The company is “using a third-party partner to do the legwork, though the people who come to your house will appear to be from Sprint, right down to the vehicle they’re driving,” Lowensohn reports.

The service is neutral about which device and operating system the customer chooses — in fact, the release makes a particular point that the experts are “particularly skilled” in helping customers switch from a phone using the Android operating system to one running on Apple’s iOS, or vice versa.

“We take for granted that it is easy to switch between different types of phones, but it actually is very complex,” Claure says. “By bringing the in-store experience directly to customers, we can make that change painless, worry-free and do it in the comfort of a location where the customer wants it.”

“We said we will make Sprint the easiest company to deal with,” Claure tells Bloomberg’s Scott Moritz. “This addresses most people’s concerns and transforms the way they can buy a new phone.”

Claure, the founder of wireless distributor Brightstar who has been at the reins at Sprint since last August, is initiating a customer service strategy that “runs counter to ones taken by his predecessor, Dan Hesse,” points out Ryan Knutson in the Wall Street Journal. “Last year, Sprint said it was able to close several call centers in part because subscribers had become more accustomed to smartphones and were calling in with fewer questions about how to use them.”

But Claure said many customers are still having a hard time — as has Sprint itself.

“T-Mobile says it recently passed Sprint as the nation's fourth-largest wireless carrier,” writesUSA Today’s Edward C. Baig — “a claim Claure dismisses.”

“T-Mobile (is) always jumping ahead of the facts,” Claure tells Baig. “I feel quite strongly that at the end of this quarter we will remain in our position as No. 3.”

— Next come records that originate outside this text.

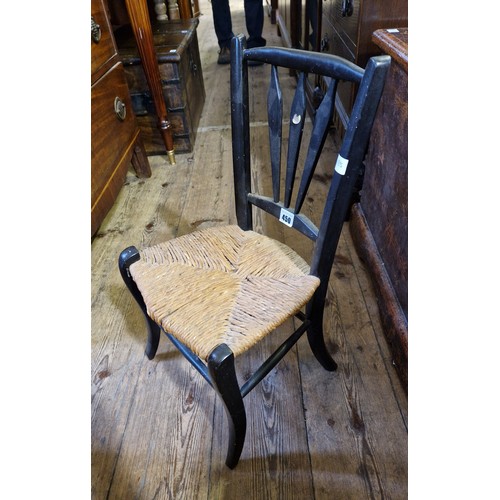 450 - Childs ebonised chair with rush seat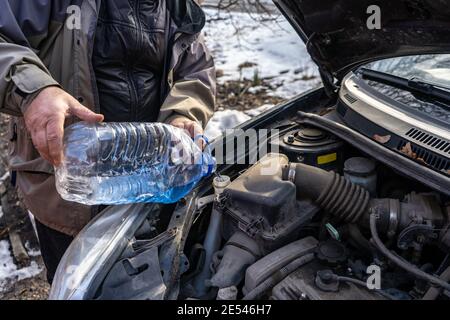 man versa l'antigelo nel serbatoio del liquido speciale Foto Stock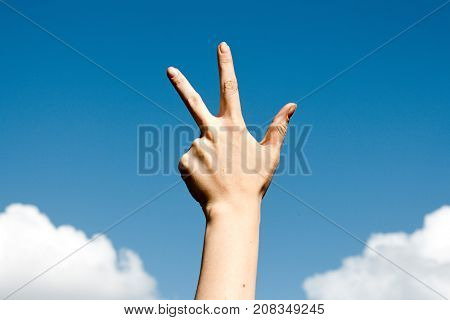 Three finger salute hand gesture on blue sky background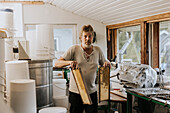 Man holding hive frames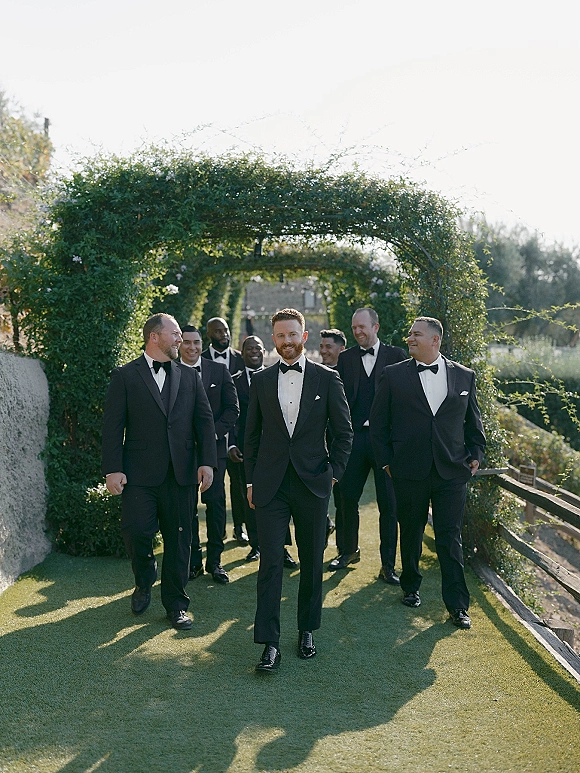 Groomsmen portrait of the groom with groomsmen in black tuxedos and bow ties, walking under a garden archway in sunlight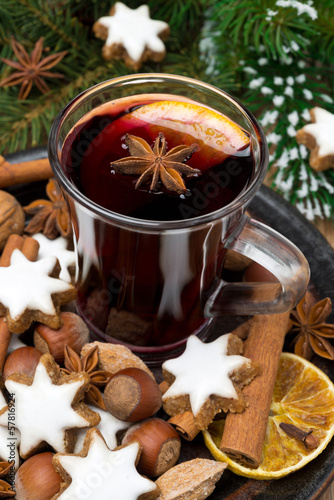 cookies in the shape of stars, spices and a cup of mulled wine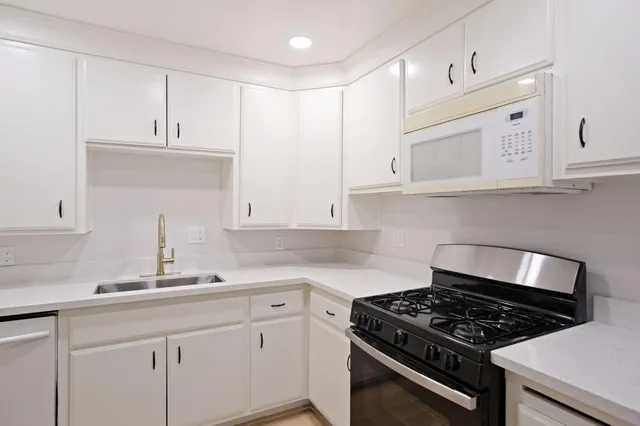 a kitchen with granite countertop white cabinets and stainless steel appliances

“Sprint has lost millions of customers in the past few years as it lurched through a difficult network overhaul,” the WSJ’s Knutson observes before pointing out that some analysts have echoed T-Mobile’s CEO John Legere’s boast in advance of the release of first-quarter results for both companies. But Sprint “has said the bulk of the work is complete, and third-party network tests have shown its quality has been improving.”

Meanwhile, Direct 2 You “transforms a pain point into a ‘wow’ moment,” Millar, the executive running it, tells Re/code’s Ina Fried — while admitting that it’s “not for everybody” and some people will prefer do things the old-fashioned way by heading to a Sprint retail outlet.

There will be a lot more of those around, too, with Sprint’s co-branding with Radio Shack at nearly 1,500 retail outsets getting underway Friday.

“Sprint will have a larger logo and marketing presence than RadioShack at the co-branded storefronts, though the telecom will occupy about one-third of the retail space at each location,” reports Tom Huddleston, Jr. for Fortune.